#### [MATERIAL TO PROCESS]
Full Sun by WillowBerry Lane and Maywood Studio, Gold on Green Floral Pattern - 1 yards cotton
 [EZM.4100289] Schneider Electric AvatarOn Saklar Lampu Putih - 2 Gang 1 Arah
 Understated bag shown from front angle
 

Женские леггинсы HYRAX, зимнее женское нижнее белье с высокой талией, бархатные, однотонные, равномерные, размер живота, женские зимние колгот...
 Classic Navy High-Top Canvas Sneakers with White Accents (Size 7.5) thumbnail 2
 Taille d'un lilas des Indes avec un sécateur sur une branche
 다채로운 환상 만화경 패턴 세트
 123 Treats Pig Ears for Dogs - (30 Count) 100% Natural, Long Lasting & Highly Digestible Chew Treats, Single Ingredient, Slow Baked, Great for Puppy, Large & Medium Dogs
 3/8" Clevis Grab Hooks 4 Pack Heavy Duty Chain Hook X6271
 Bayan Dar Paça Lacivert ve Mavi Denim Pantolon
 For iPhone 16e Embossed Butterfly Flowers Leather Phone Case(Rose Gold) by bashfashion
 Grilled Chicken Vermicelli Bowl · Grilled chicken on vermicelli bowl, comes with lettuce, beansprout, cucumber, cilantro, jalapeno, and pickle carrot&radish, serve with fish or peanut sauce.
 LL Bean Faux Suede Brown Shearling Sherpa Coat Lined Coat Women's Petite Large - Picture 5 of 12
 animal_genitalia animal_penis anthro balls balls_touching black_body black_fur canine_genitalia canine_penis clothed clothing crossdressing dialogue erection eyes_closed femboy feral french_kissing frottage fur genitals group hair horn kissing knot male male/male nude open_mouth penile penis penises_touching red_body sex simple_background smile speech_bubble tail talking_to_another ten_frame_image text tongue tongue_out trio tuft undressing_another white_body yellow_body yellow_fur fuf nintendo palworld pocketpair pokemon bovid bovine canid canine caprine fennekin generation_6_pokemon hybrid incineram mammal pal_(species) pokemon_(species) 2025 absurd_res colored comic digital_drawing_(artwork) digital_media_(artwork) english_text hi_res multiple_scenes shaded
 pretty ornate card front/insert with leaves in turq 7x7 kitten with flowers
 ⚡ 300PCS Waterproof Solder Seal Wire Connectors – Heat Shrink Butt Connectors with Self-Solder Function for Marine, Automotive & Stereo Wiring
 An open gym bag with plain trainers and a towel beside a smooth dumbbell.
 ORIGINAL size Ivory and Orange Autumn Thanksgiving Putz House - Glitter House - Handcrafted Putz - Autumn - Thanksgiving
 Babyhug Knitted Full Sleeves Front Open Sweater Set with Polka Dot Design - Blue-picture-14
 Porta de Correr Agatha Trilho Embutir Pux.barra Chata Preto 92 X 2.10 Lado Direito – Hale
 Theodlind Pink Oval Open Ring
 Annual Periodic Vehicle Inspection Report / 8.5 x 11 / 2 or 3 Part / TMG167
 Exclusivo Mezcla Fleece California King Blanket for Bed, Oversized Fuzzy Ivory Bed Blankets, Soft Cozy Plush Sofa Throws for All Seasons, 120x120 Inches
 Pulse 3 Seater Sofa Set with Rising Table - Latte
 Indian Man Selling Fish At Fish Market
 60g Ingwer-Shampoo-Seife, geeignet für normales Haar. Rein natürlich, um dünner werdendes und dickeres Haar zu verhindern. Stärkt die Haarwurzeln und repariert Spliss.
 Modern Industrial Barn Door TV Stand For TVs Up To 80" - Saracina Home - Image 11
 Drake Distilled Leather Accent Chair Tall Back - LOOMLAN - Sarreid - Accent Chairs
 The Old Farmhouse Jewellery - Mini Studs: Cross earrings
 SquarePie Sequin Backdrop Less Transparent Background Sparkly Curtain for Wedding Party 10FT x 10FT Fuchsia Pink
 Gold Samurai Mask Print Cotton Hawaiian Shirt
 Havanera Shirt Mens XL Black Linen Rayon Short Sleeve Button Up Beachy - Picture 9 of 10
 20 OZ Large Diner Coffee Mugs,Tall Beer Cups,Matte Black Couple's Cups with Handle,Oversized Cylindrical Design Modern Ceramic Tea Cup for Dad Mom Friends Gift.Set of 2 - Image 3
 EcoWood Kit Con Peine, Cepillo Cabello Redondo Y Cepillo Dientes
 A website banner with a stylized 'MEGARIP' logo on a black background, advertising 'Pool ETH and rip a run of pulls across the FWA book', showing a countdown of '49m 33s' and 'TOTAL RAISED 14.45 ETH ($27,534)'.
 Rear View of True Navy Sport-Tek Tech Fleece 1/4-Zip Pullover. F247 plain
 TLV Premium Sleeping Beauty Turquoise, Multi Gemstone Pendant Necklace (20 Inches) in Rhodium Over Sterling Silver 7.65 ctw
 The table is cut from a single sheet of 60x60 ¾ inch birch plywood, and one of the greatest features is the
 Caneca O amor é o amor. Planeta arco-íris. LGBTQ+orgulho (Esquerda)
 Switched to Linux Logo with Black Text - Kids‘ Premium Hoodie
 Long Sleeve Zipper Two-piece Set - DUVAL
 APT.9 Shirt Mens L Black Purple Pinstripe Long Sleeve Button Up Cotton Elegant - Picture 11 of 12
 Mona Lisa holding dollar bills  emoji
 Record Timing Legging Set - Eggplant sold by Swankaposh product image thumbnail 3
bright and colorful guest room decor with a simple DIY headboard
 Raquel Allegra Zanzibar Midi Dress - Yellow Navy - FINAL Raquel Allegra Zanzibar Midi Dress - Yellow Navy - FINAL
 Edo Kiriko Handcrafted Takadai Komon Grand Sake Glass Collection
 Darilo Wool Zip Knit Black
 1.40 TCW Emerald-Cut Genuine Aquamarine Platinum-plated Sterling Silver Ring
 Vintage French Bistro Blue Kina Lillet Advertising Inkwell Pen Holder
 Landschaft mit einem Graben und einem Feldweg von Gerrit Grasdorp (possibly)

#### [TASK ITEM]
Please filter the data down to the lines containing the word "Leather".

#### [ANSWER FOR THE TASK]
 For iPhone 16e Embossed Butterfly Flowers Leather Phone Case(Rose Gold) by bashfashion
 Drake Distilled Leather Accent Chair Tall Back - LOOMLAN - Sarreid - Accent Chairs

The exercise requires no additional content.